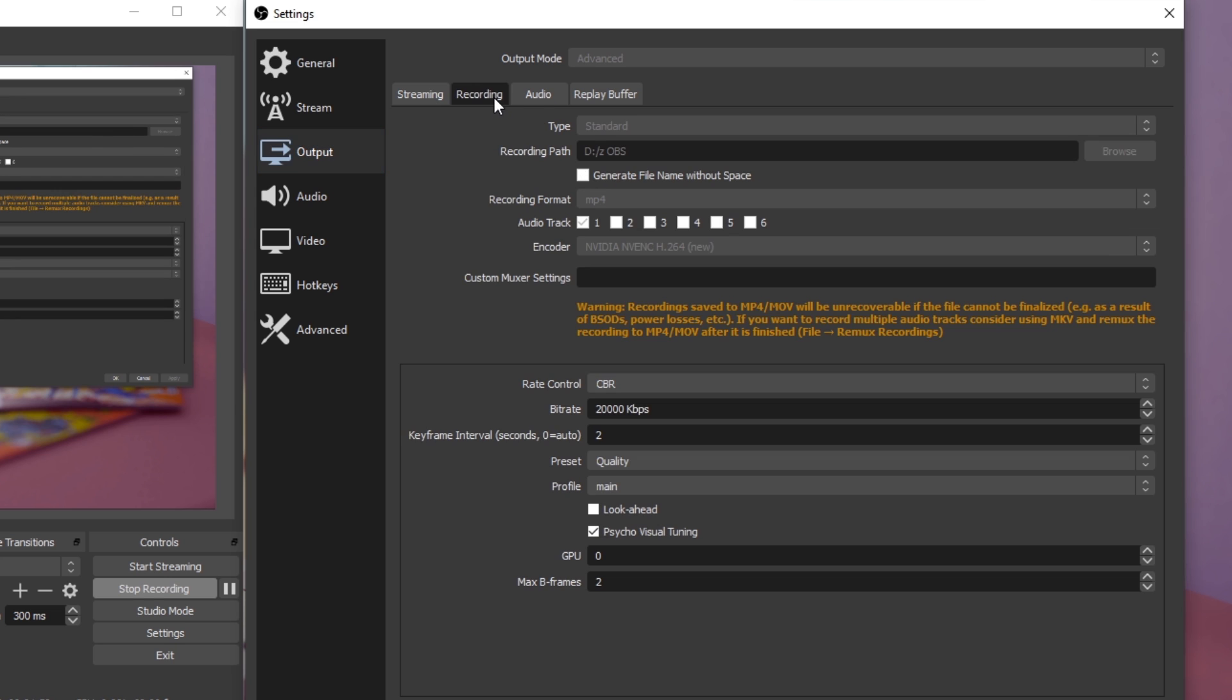Next, in the Recording section, I suggest setting the Recording Path to an SSD if you have enough storage left. Otherwise, choose a folder in your HDD storage. I like to use MP4 as the recording format, which keeps the file size low and enables you to import it to any video editing software.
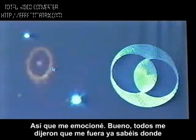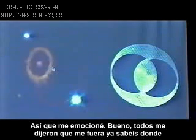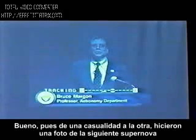So I got excited. But they all told me I was full of, you know what, and that this was just a random event. Well, from one random event to the other, they took a picture of the next supernova that exploded, and it generated exactly the same thing.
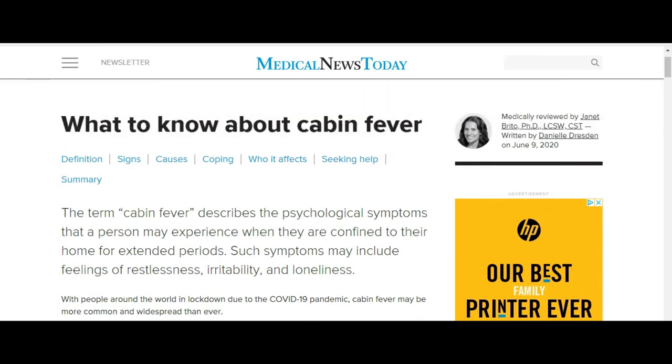The term cabin fever describes the psychological symptoms that a person may experience when they are confined to their home for extended periods. Such symptoms may include feelings of restlessness, irritability, and loneliness.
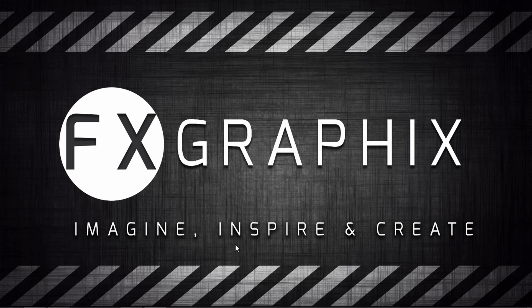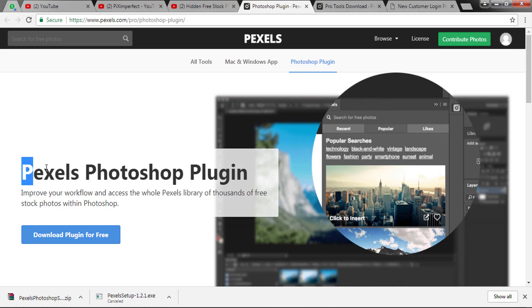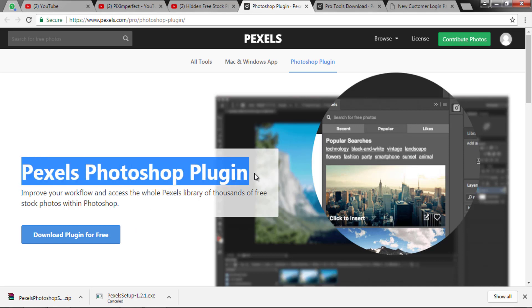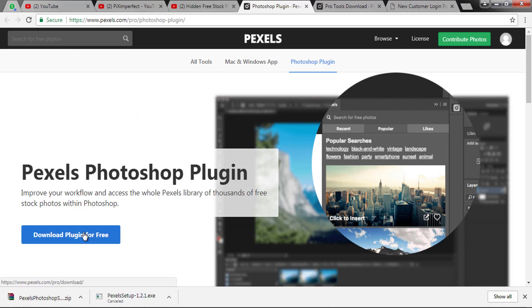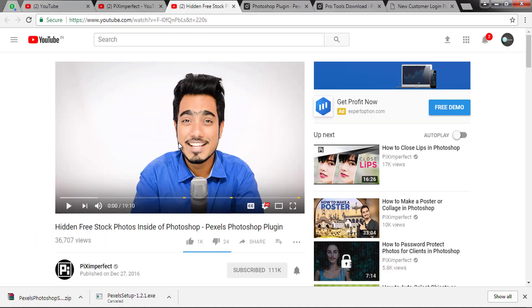For searching HD quality and high resolution images, I'm introducing the Pexels Photoshop plugin. First, go to the pexels.com link given below. This plugin is available for free and was inspired by the PixImperfect channel.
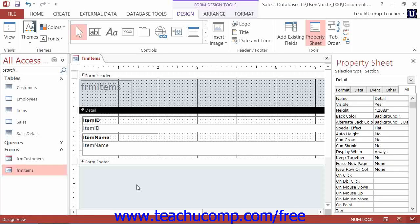While Access may seem very complex with its multiple object types and the various views of each type of object, it does actually use the exact same type of design view and layout view for both its forms and its reports. This helps to simplify the design process for these types of objects.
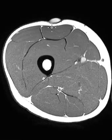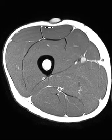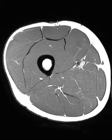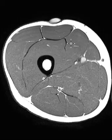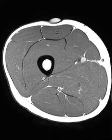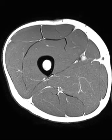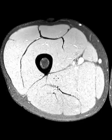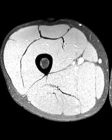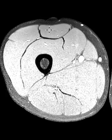This is the mid-to-distal aspect of the thigh, and this is the rectus femoris right here, so it's right in the distal rectus femoris. This is the vastus lateralis, medialis, intermedius here. On this T1 image that's not fat-suppressed, things are completely normal. Here's the fat-suppressed T1 sequence, which also looks completely normal.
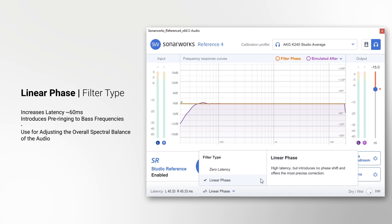The linear phase setting guarantees linearity of the filter phase, thus delivering ultimately clear and accurate sound at the cost of approximately 60 milliseconds of latency. Most of the time, this is the best setting to use when adjusting the overall spectral balance of your music.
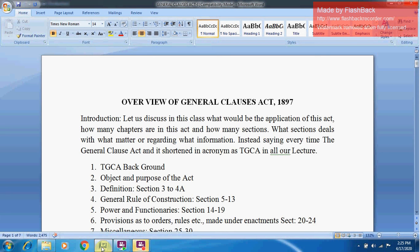Good afternoon everybody. Today's lecture is an overview of the General Clauses Act 1897, which is a second year, second semester topic. We will see the overview of the General Clauses Act 1897 in this online lecture. In this class we will discuss the application of this Act, how many chapters are in it, how many sections, and what each section deals with. The General Clauses Act is shortened to the acronym TGCA in all our lectures.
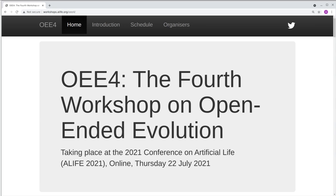Welcome to the fourth workshop on open-ended evolution. If you haven't found the workshop page yet, it's at workshops.alife.org/OEE4.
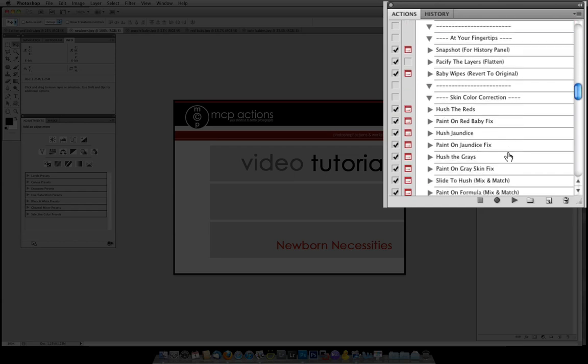The next section is at your fingertips. These are things that are very easy to do in Photoshop but they are also nice to have at your fingertips such as making a snapshot for the history panel, pacify the layers to flatten, and baby wipes which will take all your edits away and bring you back to the beginning if you have done something you are not happy with.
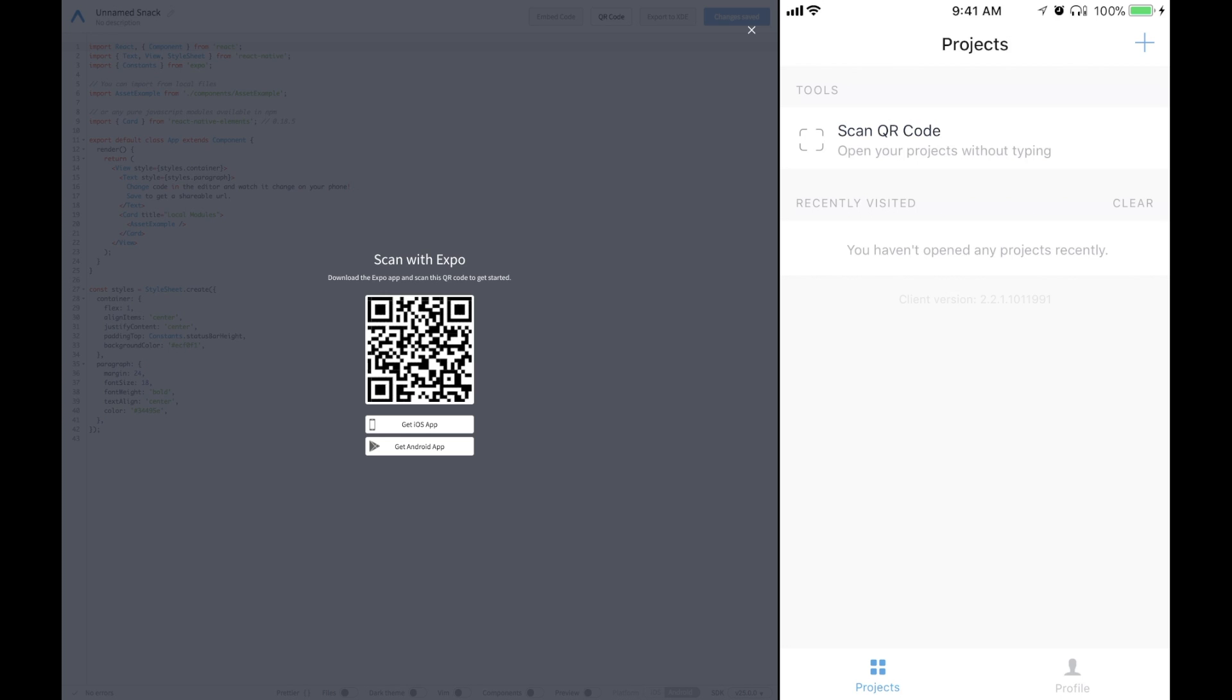What is up everybody? It is Evan and Bacon from Expo. Today I'm going to be showing you guys how to use Facebook in your applications to get user information. Let's go ahead and get started.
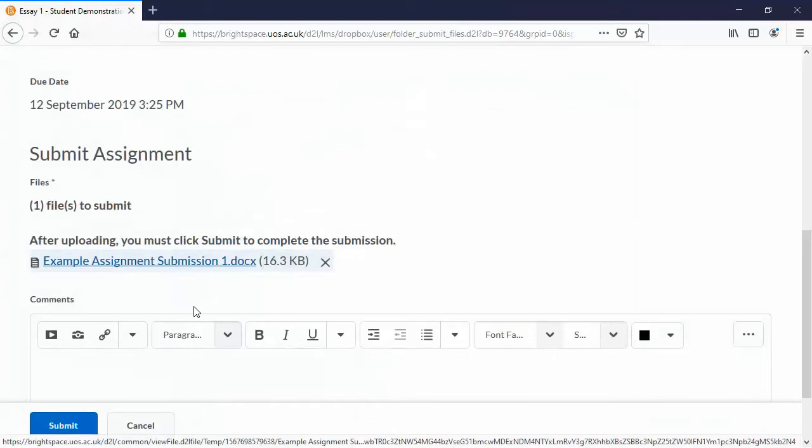Now with a big file, there would be a bar behind the file name showing the upload progress. Make sure it's finished and looks like this before you carry on.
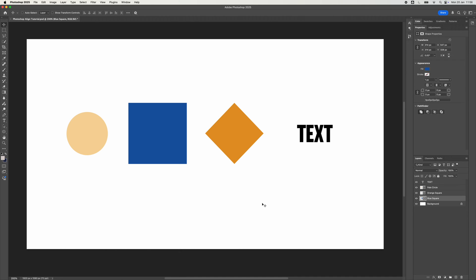How to align objects in Adobe Photoshop. So first of all, I've got a bunch of items here. I've got a circle, a couple of squares, and some text.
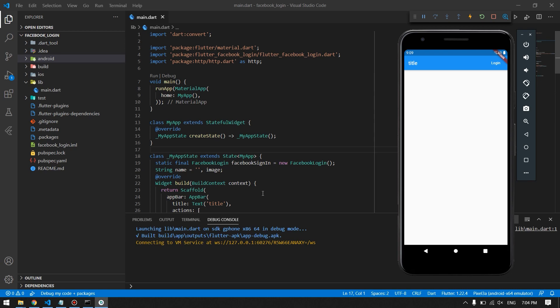Hello guys, welcome back to another Flutter tutorial. In this video we will see how to use Facebook login in our Flutter application and retrieve some basic information like profile picture, name, and more. Let's see the demo first, and then we will jump to the code to implement it step by step from scratch.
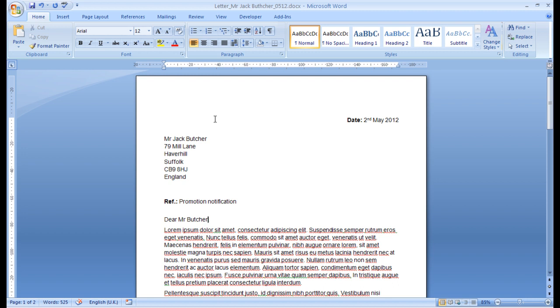That's it from this video. Thank you for watching. In the next video, we'll be looking at how we can make this letter into a mail merge letter, where we can send letters to many customers easily and quickly. That's it. Thank you.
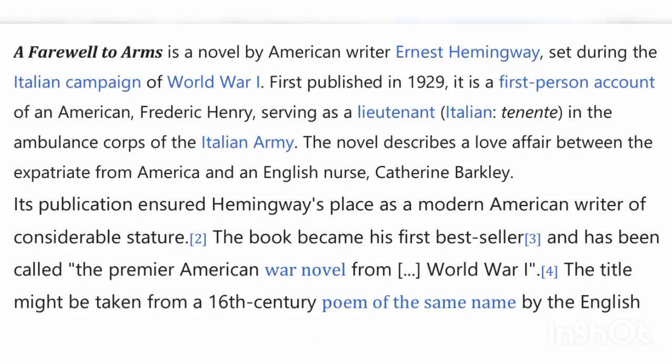A Farewell to Arms is a novel by American writer Ernest Hemingway, set during the Italian campaign of World War I. First published in 1929, it is a first-person account of an American, Frederic Henry, serving as a lieutenant in the ambulance corps of the Italian army. The novel describes a love affair between the expatriate American and an English nurse, Catherine Barkley. Its publication ensured Hemingway's place as a modern American writer of considerable stature.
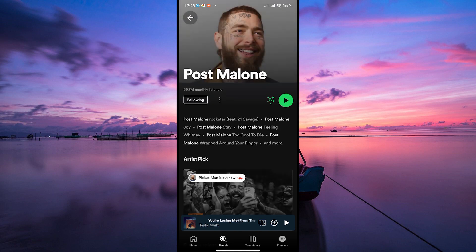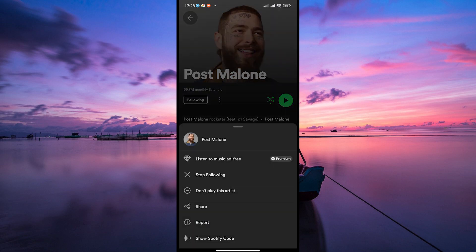Once you've found the artist's page, look for the three-dot menu icon located next to their name. Tap on it to reveal a pop-up menu. In the menu, you'll see various options for mobile users. Look for "Don't Play This Artist" and click on this option.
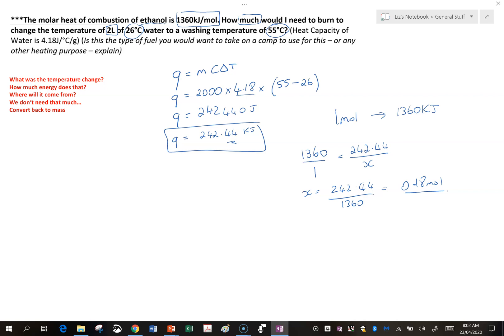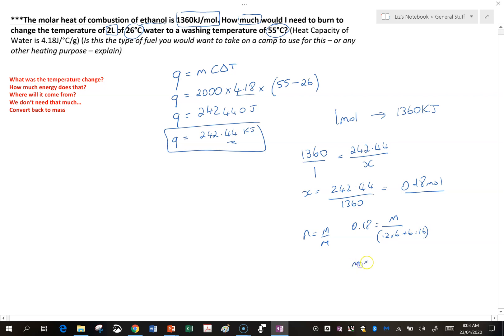But we don't want moles — the question says 'how much', so we want mass. We use the formula n equals m over M. So 0.18 equals mass over the molar mass. Ethanol has two carbons, six hydrogens, and one oxygen. When we rearrange that, we end up with a mass of 8.28 grams. So if you burn 8.28 grams of ethanol, it gives enough energy to change 2 litres of water from 26 to 55 degrees — all things being perfect, obviously.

===

### THE TASK
The listing above should be repeated word for word, with every image left out.

### YOUR RESPONSE
Next, in the Recording section, I suggest setting the Recording Path to an SSD if you have enough storage left. Otherwise, choose a folder in your HDD storage. I like to use MP4 as the recording format, which keeps the file size low and enables you to import it to any video editing software.
So I got excited. But they all told me I was full of, you know what, and that this was just a random event. Well, from one random event to the other, they took a picture of the next supernova that exploded, and it generated exactly the same thing.
The term cabin fever describes the psychological symptoms that a person may experience when they are confined to their home for extended periods. Such symptoms may include feelings of restlessness, irritability, and loneliness.
For searching HD quality and high resolution images, I'm introducing the Pexels Photoshop plugin. First, go to the pexels.com link given below. This plugin is available for free and was inspired by the PixImperfect channel.
While Access may seem very complex with its multiple object types and the various views of each type of object, it does actually use the exact same type of design view and layout view for both its forms and its reports. This helps to simplify the design process for these types of objects.
This is the mid-to-distal aspect of the thigh, and this is the rectus femoris right here, so it's right in the distal rectus femoris. This is the vastus lateralis, medialis, intermedius here. On this T1 image that's not fat-suppressed, things are completely normal. Here's the fat-suppressed T1 sequence, which also looks completely normal.
The linear phase setting guarantees linearity of the filter phase, thus delivering ultimately clear and accurate sound at the cost of approximately 60 milliseconds of latency. Most of the time, this is the best setting to use when adjusting the overall spectral balance of your music.
Good afternoon everybody. Today's lecture is an overview of the General Clauses Act 1897, which is a second year, second semester topic. We will see the overview of the General Clauses Act 1897 in this online lecture. In this class we will discuss the application of this Act, how many chapters are in it, how many sections, and what each section deals with. The General Clauses Act is shortened to the acronym TGCA in all our lectures.
Welcome to the fourth workshop on open-ended evolution. If you haven't found the workshop page yet, it's at workshops.alife.org/OEE4.
The next section is at your fingertips. These are things that are very easy to do in Photoshop but they are also nice to have at your fingertips such as making a snapshot for the history panel, pacify the layers to flatten, and baby wipes which will take all your edits away and bring you back to the beginning if you have done something you are not happy with.
What is up everybody? It is Evan and Bacon from Expo. Today I'm going to be showing you guys how to use Facebook in your applications to get user information. Let's go ahead and get started.
Now with a big file, there would be a bar behind the file name showing the upload progress. Make sure it's finished and looks like this before you carry on.
How to align objects in Adobe Photoshop. So first of all, I've got a bunch of items here. I've got a circle, a couple of squares, and some text.
Hello guys, welcome back to another Flutter tutorial. In this video we will see how to use Facebook login in our Flutter application and retrieve some basic information like profile picture, name, and more. Let's see the demo first, and then we will jump to the code to implement it step by step from scratch.
That's it from this video. Thank you for watching. In the next video, we'll be looking at how we can make this letter into a mail merge letter, where we can send letters to many customers easily and quickly. That's it. Thank you.
A Farewell to Arms is a novel by American writer Ernest Hemingway, set during the Italian campaign of World War I. First published in 1929, it is a first-person account of an American, Frederic Henry, serving as a lieutenant in the ambulance corps of the Italian army. The novel describes a love affair between the expatriate American and an English nurse, Catherine Barkley. Its publication ensured Hemingway's place as a modern American writer of considerable stature.
Once you've found the artist's page, look for the three-dot menu icon located next to their name. Tap on it to reveal a pop-up menu. In the menu, you'll see various options for mobile users. Look for "Don't Play This Artist" and click on this option.
But we don't want moles — the question says 'how much', so we want mass. We use the formula n equals m over M. So 0.18 equals mass over the molar mass. Ethanol has two carbons, six hydrogens, and one oxygen. When we rearrange that, we end up with a mass of 8.28 grams. So if you burn 8.28 grams of ethanol, it gives enough energy to change 2 litres of water from 26 to 55 degrees — all things being perfect, obviously.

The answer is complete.